▸ **TASK**
Locate the line that contains "Picture 3 of 7". Retype it and every line after it to the end of the records, exactly, but not the pictures.

DATA LISTING Start Marker

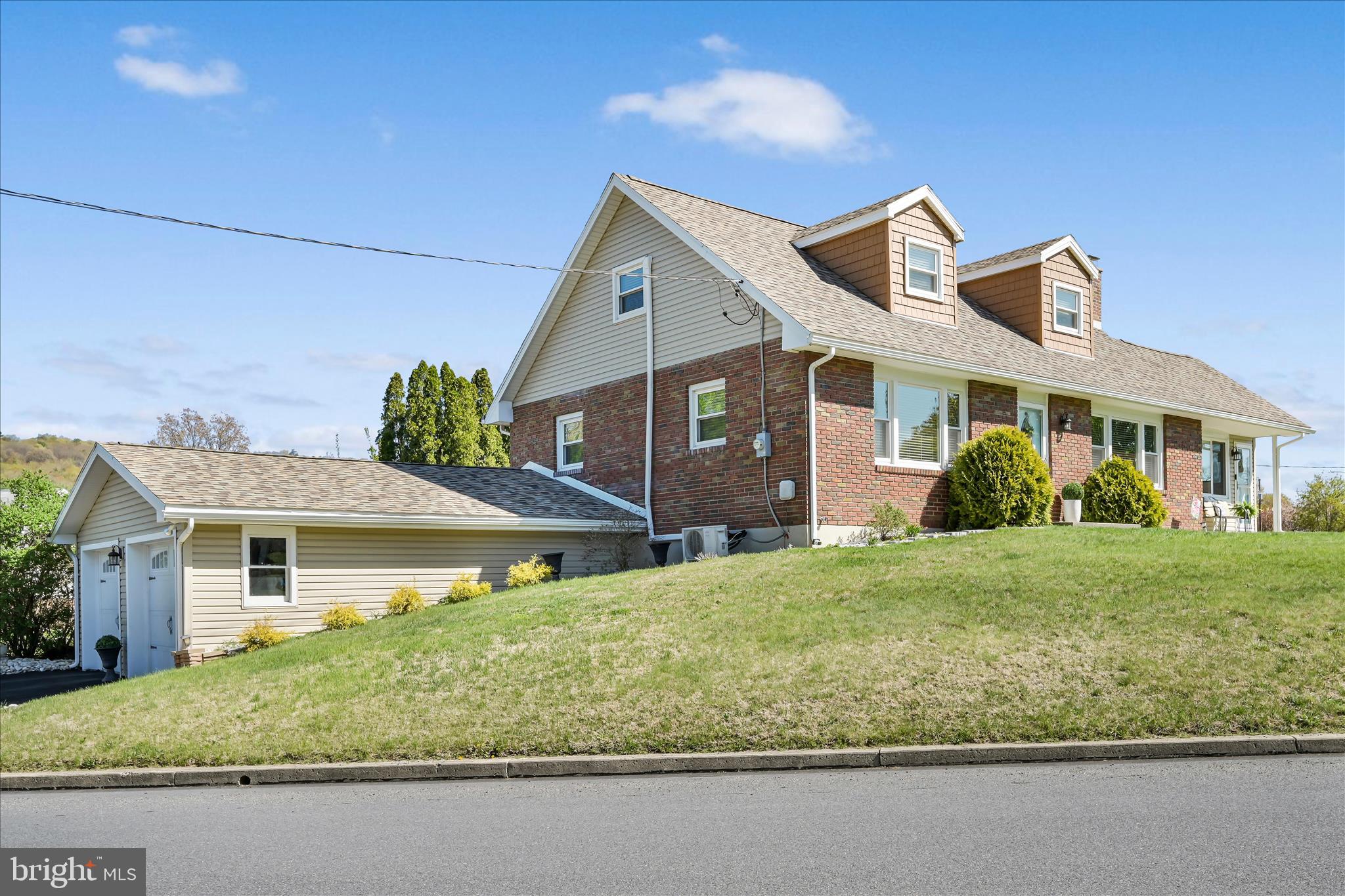 CRESSWELL ACRES - Residential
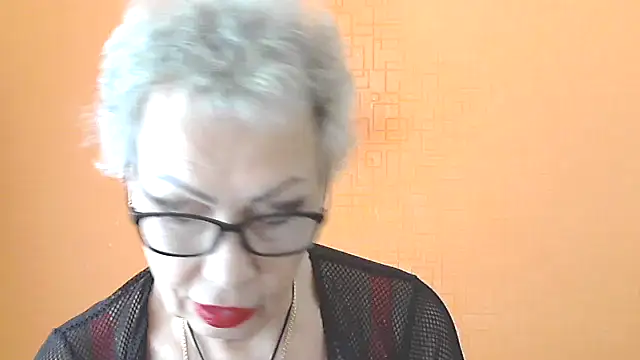 NessyJenixs online show from October 29, 2025, 6:59 am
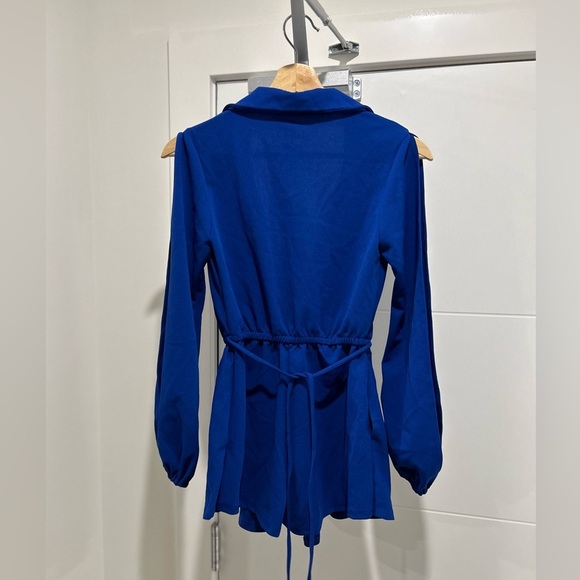 🔥SALE! ✅ Fashion Nova Women’s Romper Size XS Blue Top - Picture 3 of 7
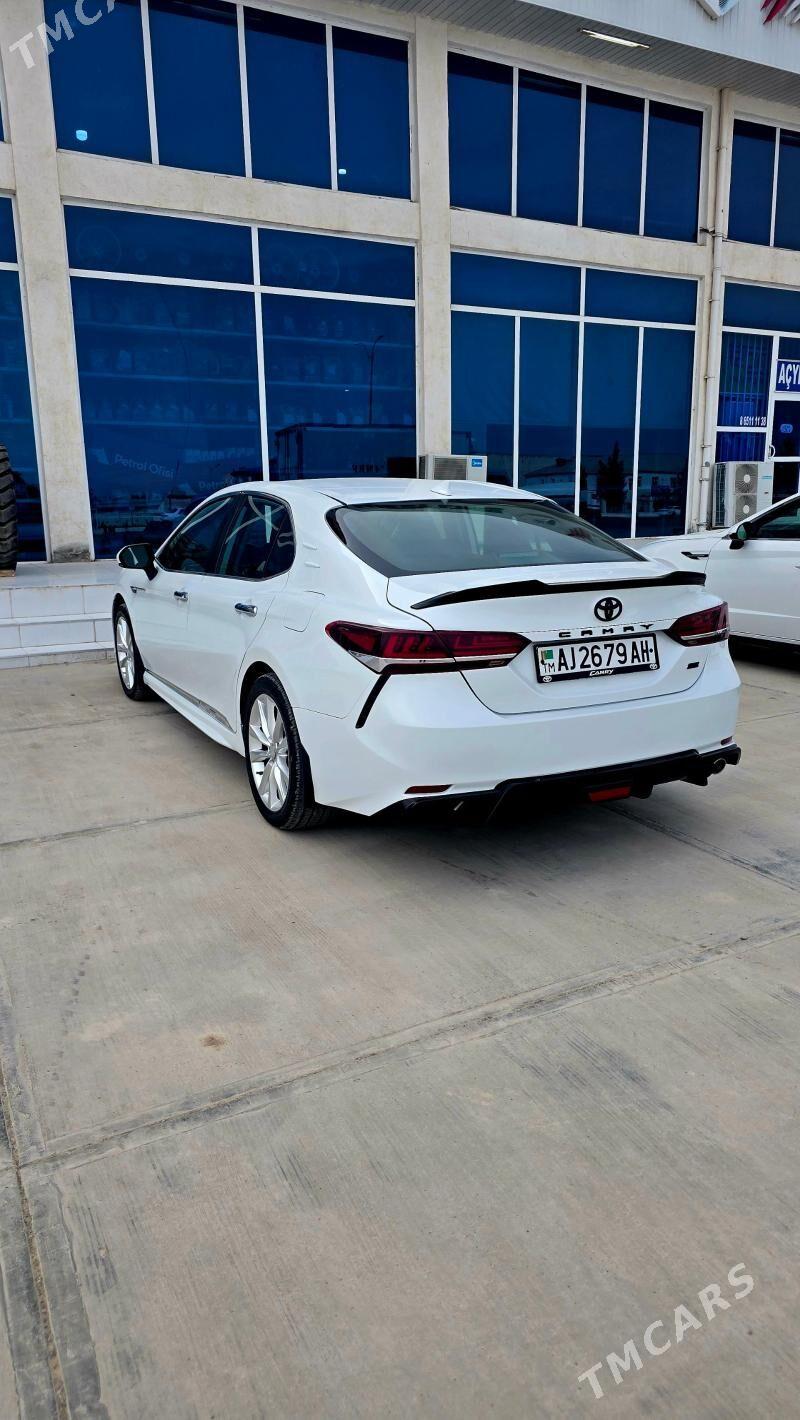 Toyota Camry 2022 - 300 000 TMT - Теджен - img 1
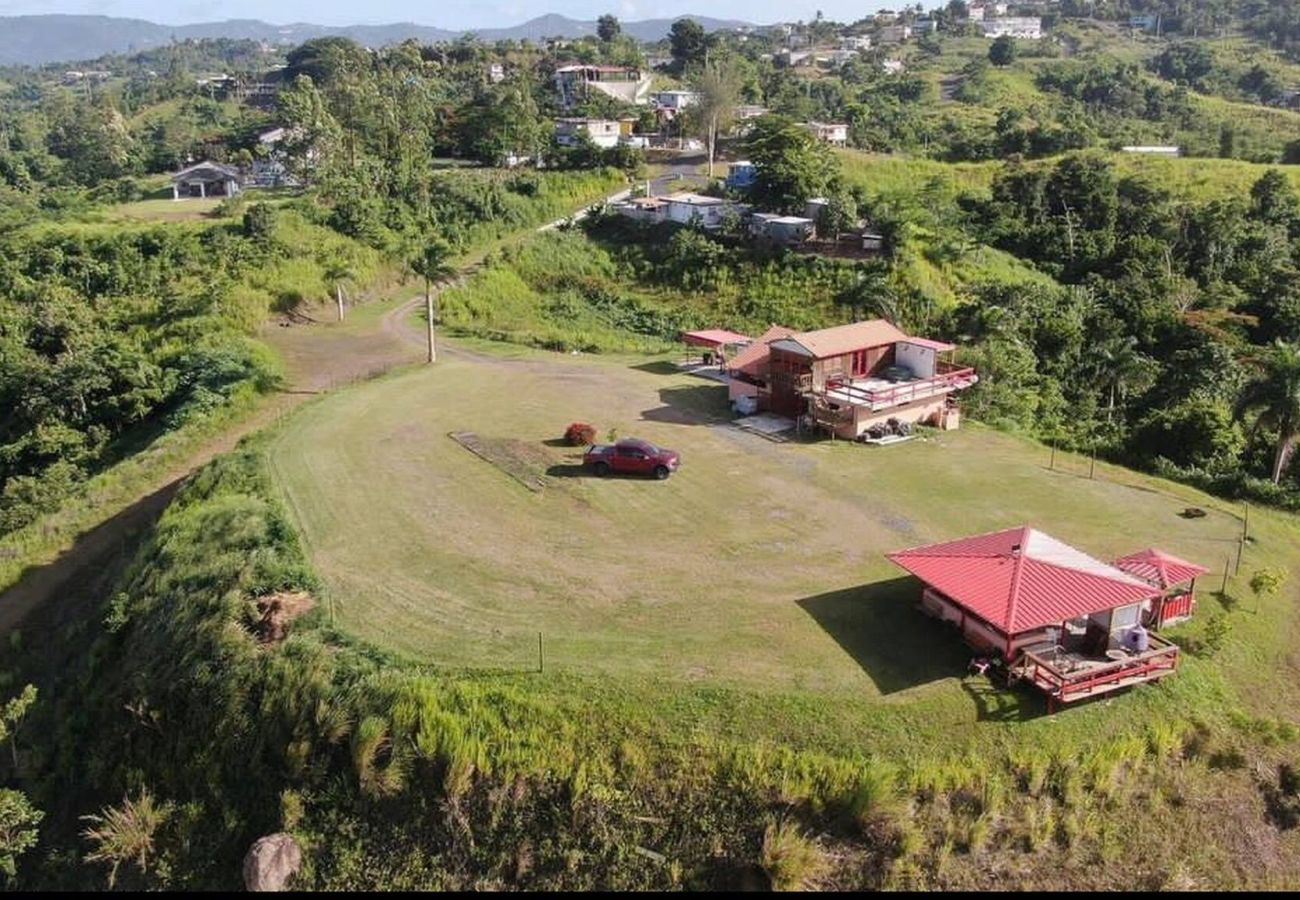 Agroturismo en Cidra - Private Mountain Gazebo for Events | BBQ + Views | 150+ Guests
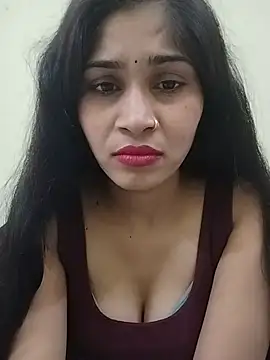 Pokój czatu na żywo – Naughty_Kiara_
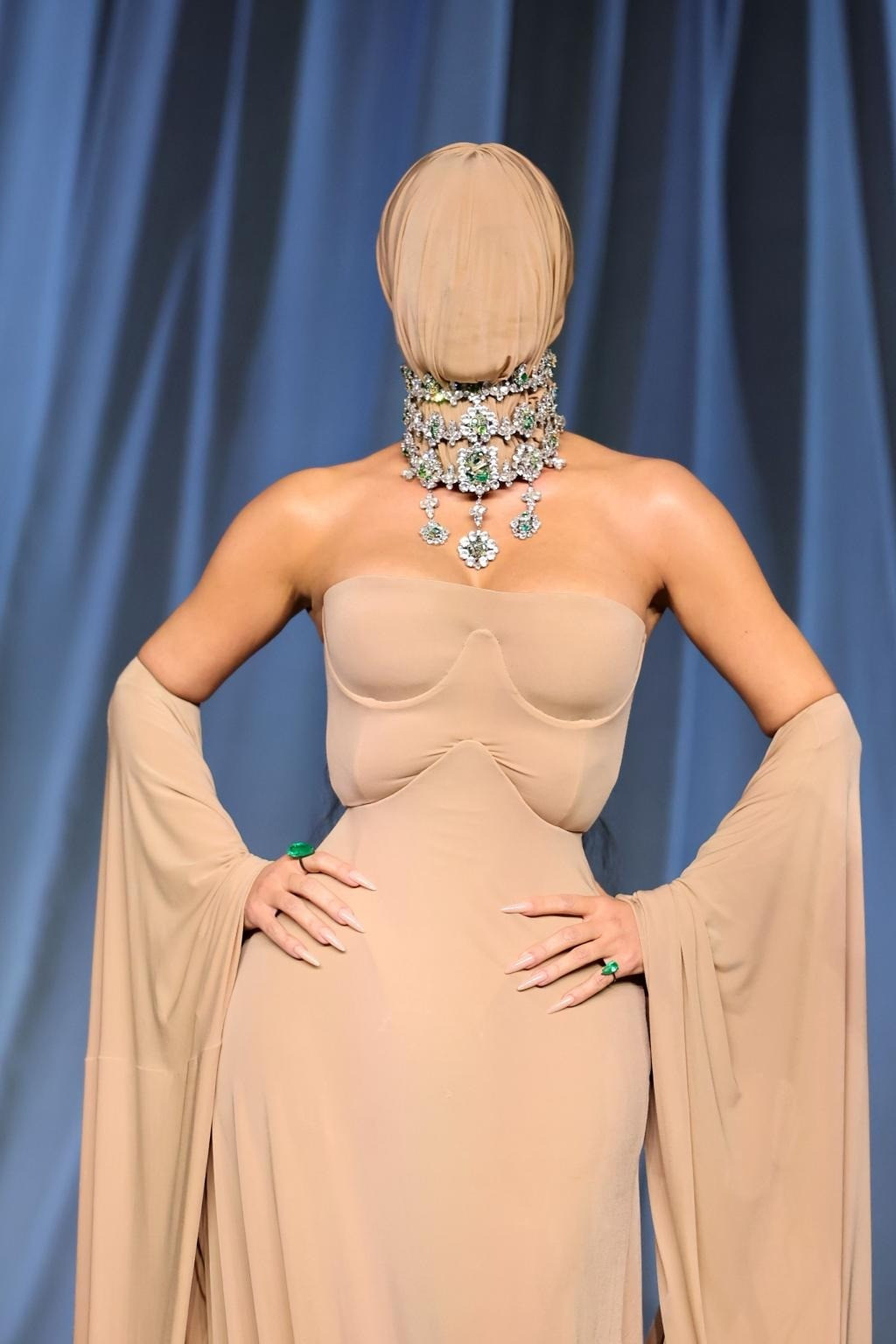 Thảm họa Kim Kardashian- Ảnh 2.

DATA LISTING End Marker

▸ **WORKED SOLUTION**
 🔥SALE! ✅ Fashion Nova Women’s Romper Size XS Blue Top - Picture 3 of 7
 Toyota Camry 2022 - 300 000 TMT - Теджен - img 1
 Agroturismo en Cidra - Private Mountain Gazebo for Events | BBQ + Views | 150+ Guests
 Pokój czatu na żywo – Naughty_Kiara_
 Thảm họa Kim Kardashian- Ảnh 2.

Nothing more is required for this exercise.